The horn sounded, and somehow, UConn had won, having scored the game's final 10 points. Calhoun jumped in the air, as Georgetown’s players stood in stunned disbelief, wondering how they gave away a game that seemed wrapped up minutes before.

Allen -- the hero -- sprinted towards the Huskies bench.

John Thompson.

“Ray Allen came running towards our bench and just sort of like bicycle kicking, running in a full sprint,” assistant coach Tom Moore said. “And one of our managers, Karen Ewald, was a female, she runs out to head towards the court. And right in front of me, Ray decked her. … I mean, he decked her. So she’s trying to get out to the middle of the court, and Ray’s running parallel to the sideline, and Ray just steamrolled her. I just paused for a second to make sure she was alright, and she bounced up like a trooper.”

The moment between Allen and Ewald can be seen on video of the celebration, but as funny as it is in hindsight, it doesn’t take from the importance of the game for UConn. They had avenged the earlier loss to Georgetown and took home a conference title. Short of winning a national championship, there was nothing more important to Calhoun, than protecting your own turf.  

“I thought winning a game in the Big East is like winning a fight in your own neighborhood,” Calhoun said. “It’s almost amongst family. … It was so great to beat someone you had so much respect for.”

*****

When Madison Square Garden released a DVD of its “50 Greatest Moments” back in 2006, the Ray Allen shot made the cut, right alongside Knicks championships, the Rangers’ 1994 Stanley Cup win and concerts by Billy Joel, Elton John and Elvis. In 2013, USA Today named “Allen vs. Allen” the third greatest moment in Big East Tournament history, behind only Kemba Walker’s magical run in 2011, and the six overtime Syracuse-UConn game in 2009.

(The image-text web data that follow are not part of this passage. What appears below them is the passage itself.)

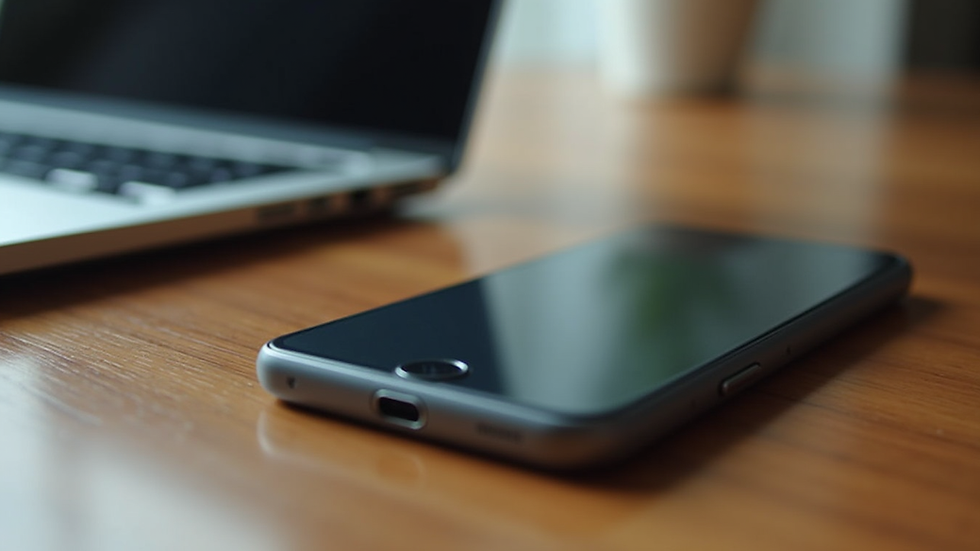Close-up view of premium smartphone accessories on a wooden table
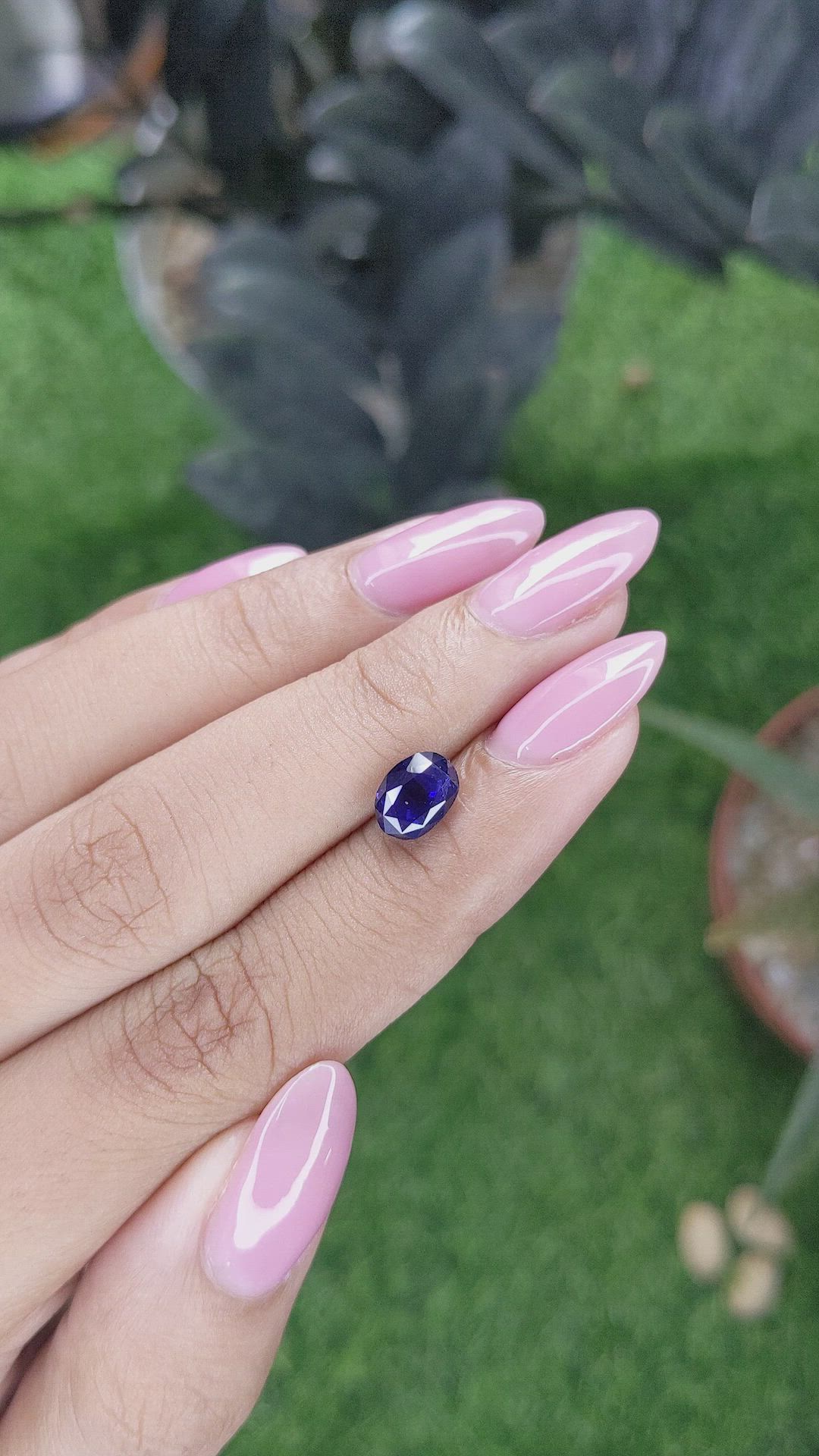 2.01 Ct. Purplish Blue Sapphire from Ceylon (Sri Lanka) Size Video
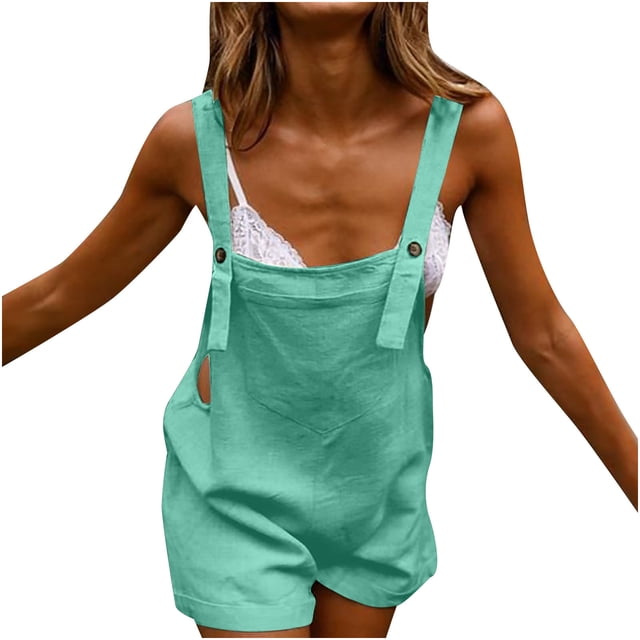 Womens Casual Summer Overalls Adjustable Straps Cotton Linen Shortalls Solid Shorts Jumpsuits Rompers with Pockets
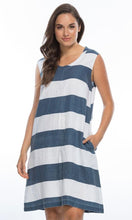 Load image into Gallery viewer, Linen Dress Stripe Summer
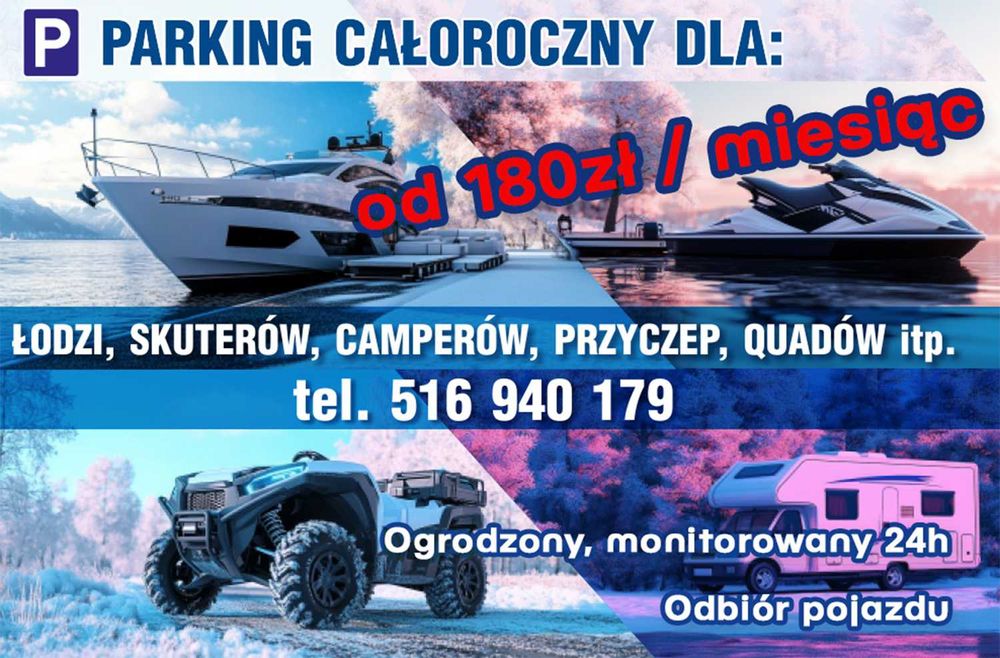 Parking - bezpieczne przechowywanie aut, kamperów, łodzi i maszyn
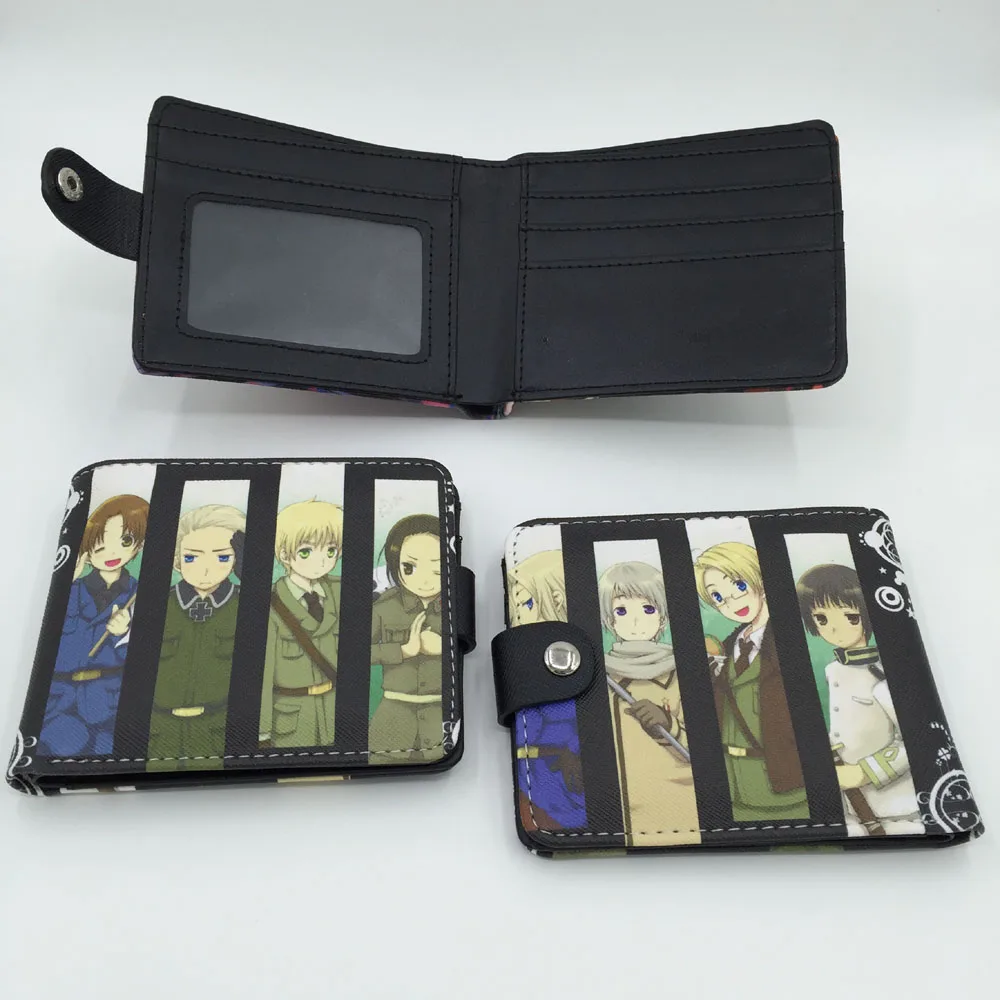 Японская игра Neko Atsume Синтетическая кожа Изысканный бумажник на кнопке/кошелек - Цвет: Hetalia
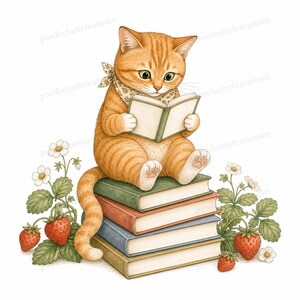 20 Cottagecore Reading Cats Clipart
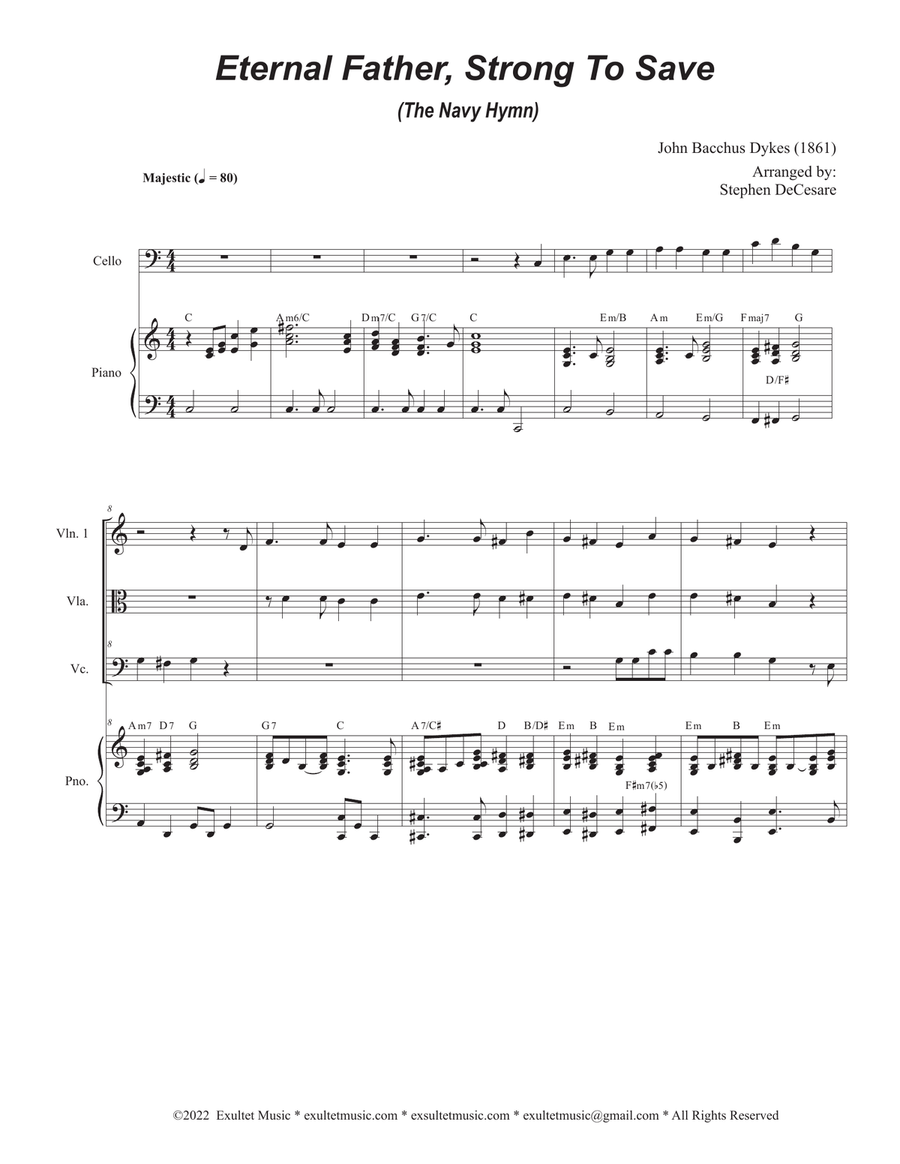Eternal Father, Strong To Save (The Navy Hymn) (String Quartet and Piano) String Quartet scores gallery preview page 1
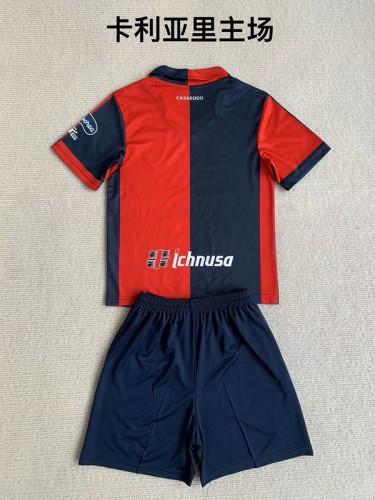 Youth Uniform Kids Kit 2024-2025 Cagliari Home Soccer Jersey Shorts Child Football Set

Speaking of that six-overtime game, a man who had a front row seat for both compares them favorably.

“I know we were involved with the six-overtime game, and some great games with Syracuse and Pitt and St. John’s and so on,” Calhoun said. “I’d be hard-pressed, hard-pressed to find a better game (than “Allen vs. Allen”) that said, ‘Hey, this is Big East basketball.’ I believe that.”

The man who opposed him on the other sideline agreed. While John Thompson denied a request to be interviewed for this story, he did release a statement through a Georgetown spokesperson in which he simply said, “It was an all-time classic.” Those are large words coming from a man who won six Big East Tournaments and coached in three Final Fours.

Even some of the players, guys who were part of so many great wins throughout their careers can’t help but look back on that game fondly.

“This is part of Big East history and a lot of people don’t know about it,” UConn’s Rudy Johnson said. “And all the people that participated in it went on and did big things.

“I will forever be in the same story as John Thompson, Allen Iverson, Ray Allen, Jim Calhoun,” he said. “Any time you pull up that video, I’m there.”